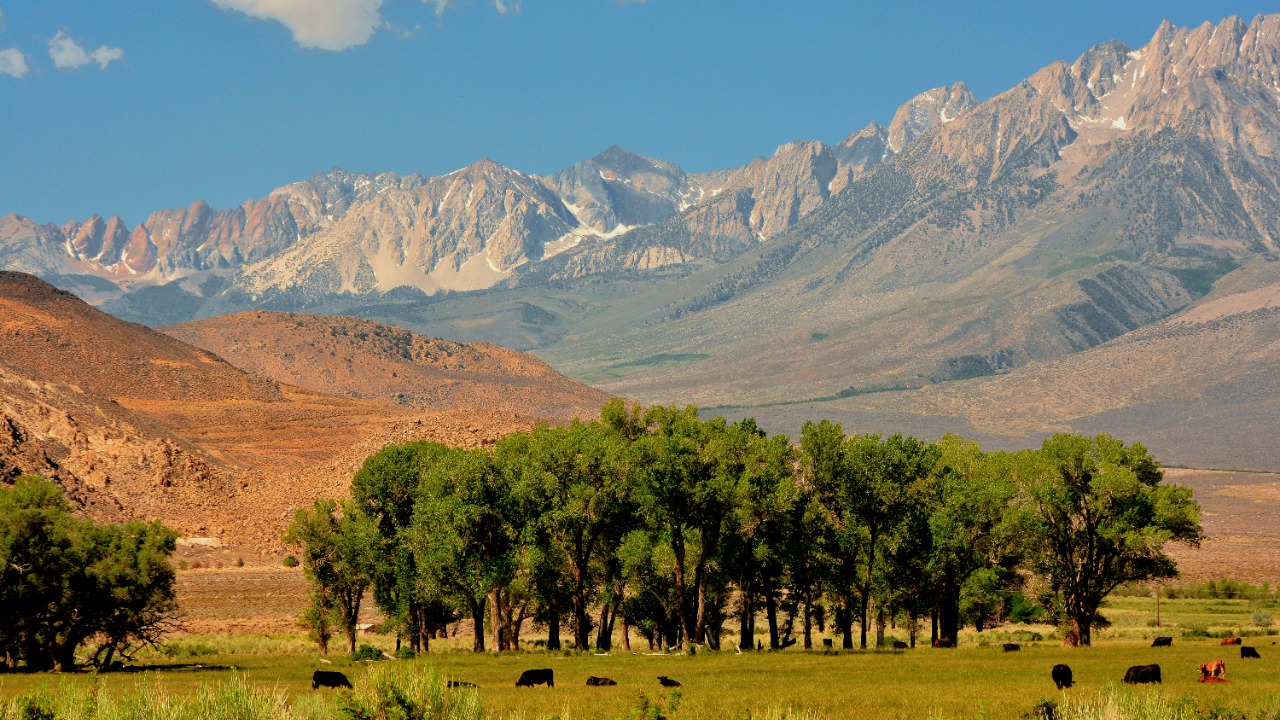 Image Credit: Mike McBey - CC BY 2.0/Wiki Commons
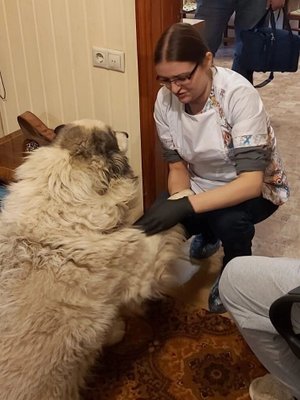 Фото врача Коршунова Ольга Сергеевна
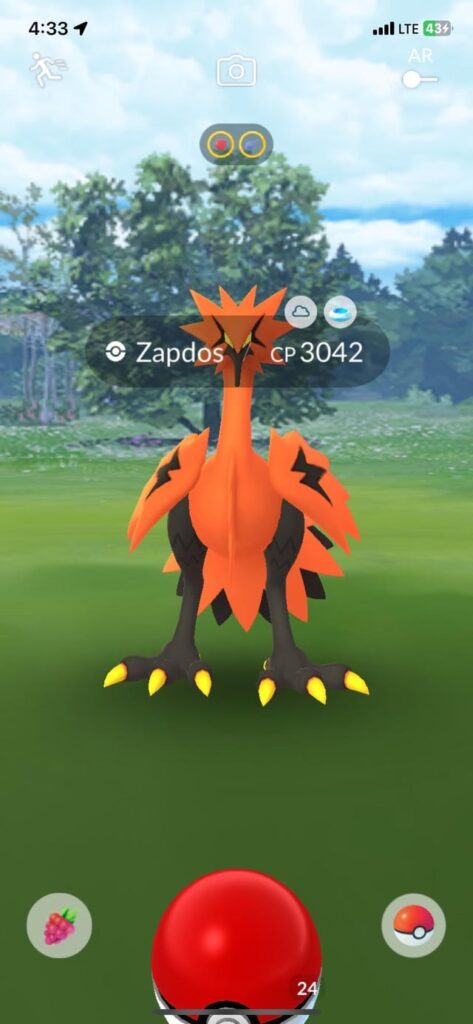 First Galar Bird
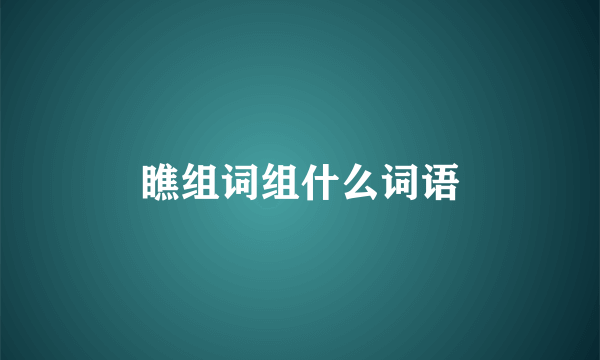 瞧组词组什么词语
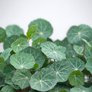 Nasturtium empress of india microgreens ready to harvest, grown from Deliseeds seeds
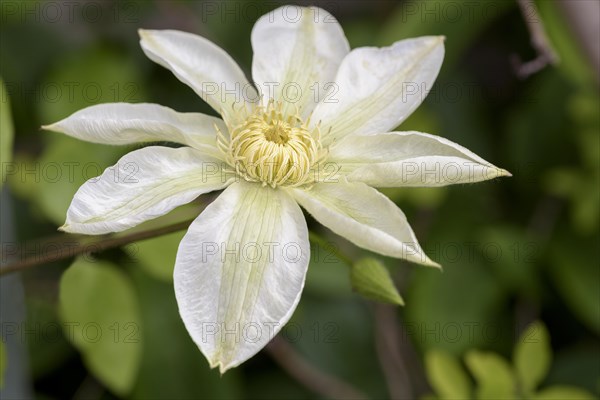 Clematis Wadas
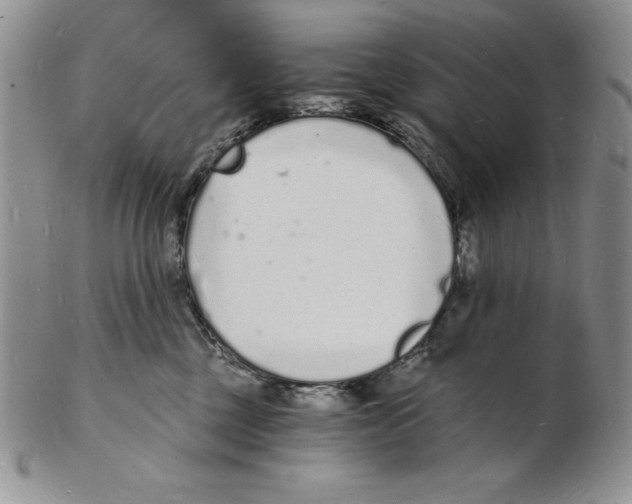 X0000102220377200808221251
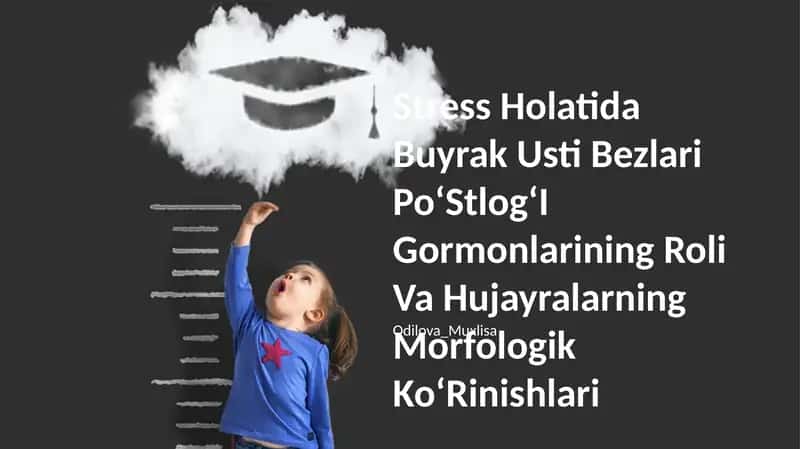 Stress Holatida Buyrak Usti Bezlari PoʻStlogʻI Gormonlarining Roli Va Hujayralarning Morfologik KoʻRinishlari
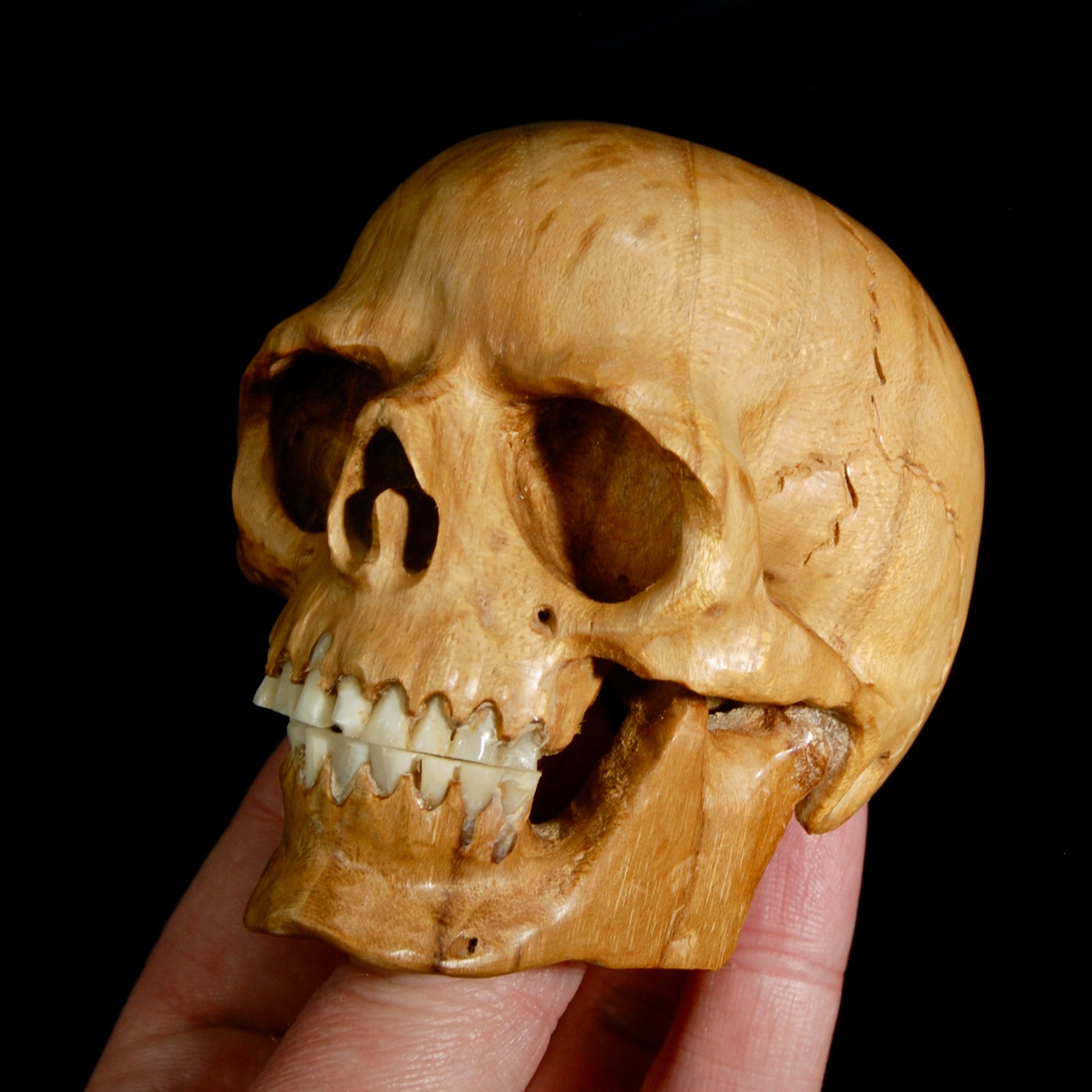 Master Carved Wood Skull with Ox Bone Teeth Realistic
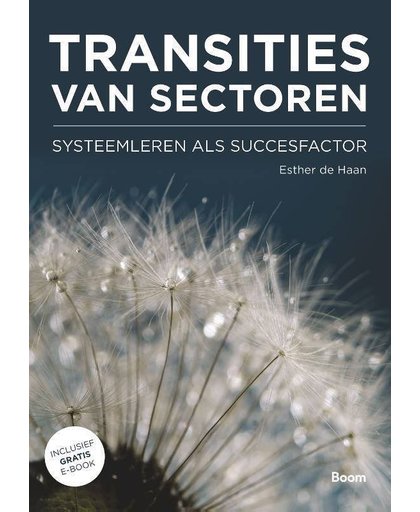 Transities van sectoren - Systeemleren als succesfactor - Esther de Haan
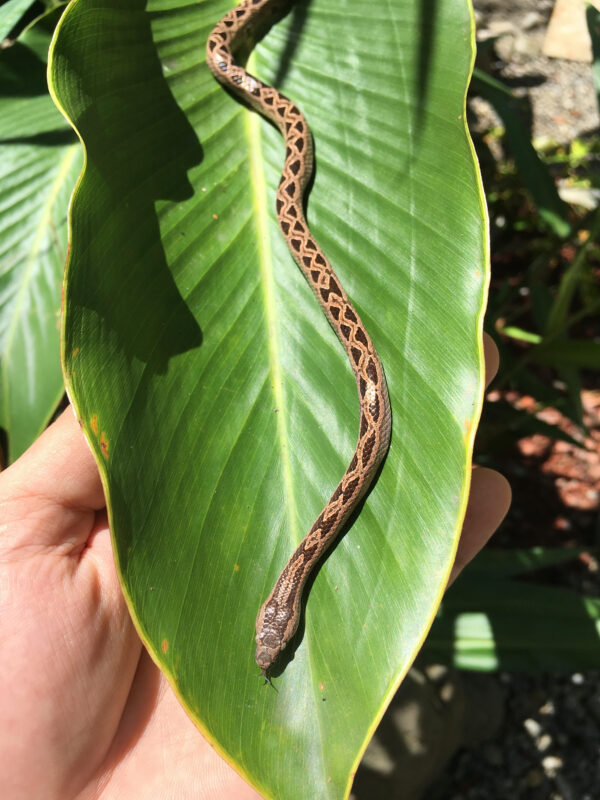 Boa De Las Bromelias - Imagen 2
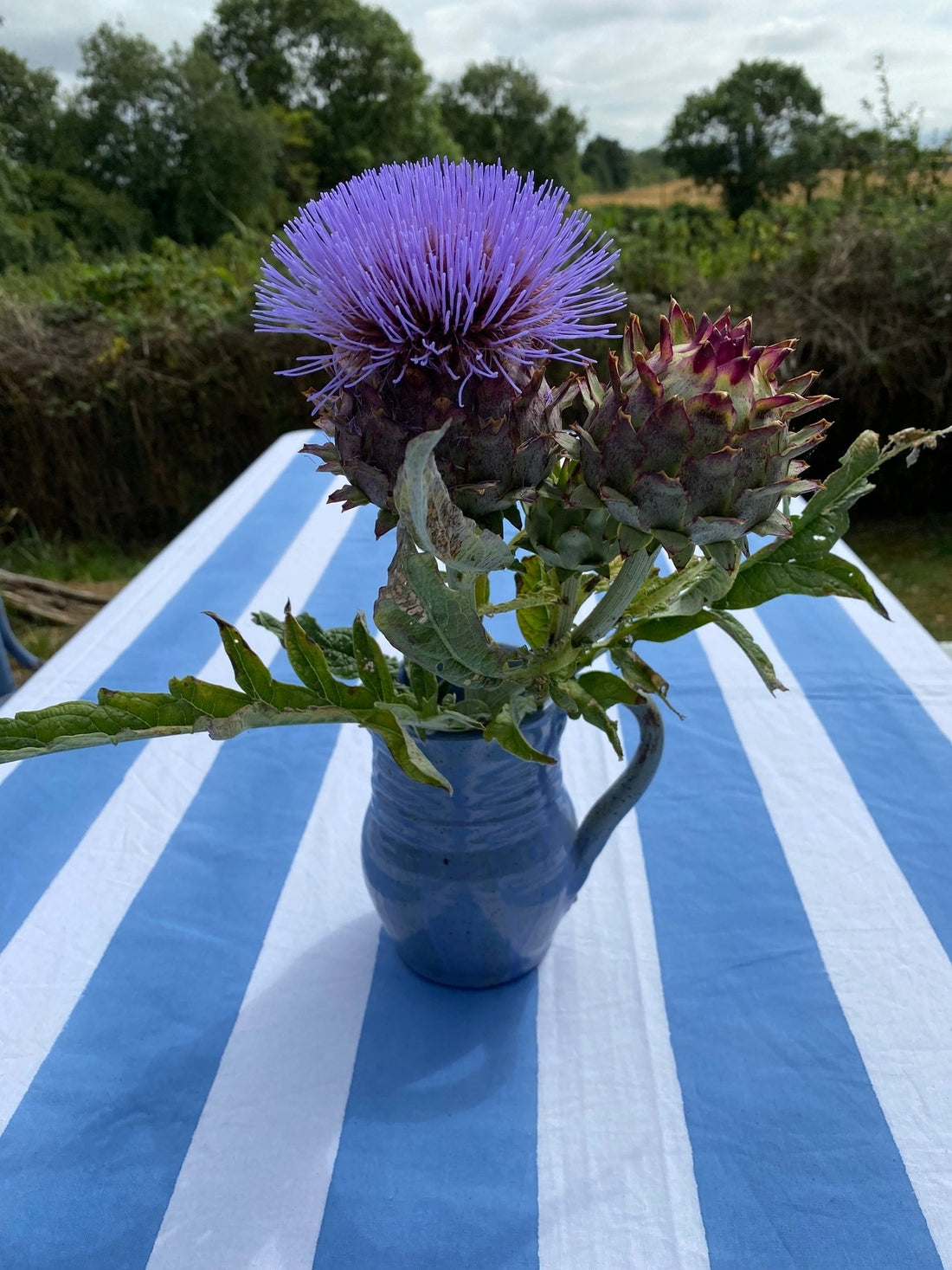 Pastel Blue Stripe Tablecloth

EXERCISE GOAL:
Which lines run from the one containing "Stress Holatida Buyrak" through the last line of the entries above? Output them exactly, both ends included, with no pictures.

EXERCISE ANSWER:
 Stress Holatida Buyrak Usti Bezlari PoʻStlogʻI Gormonlarining Roli Va Hujayralarning Morfologik KoʻRinishlari
 Master Carved Wood Skull with Ox Bone Teeth Realistic
 Transities van sectoren - Systeemleren als succesfactor - Esther de Haan
 Boa De Las Bromelias - Imagen 2
 Pastel Blue Stripe Tablecloth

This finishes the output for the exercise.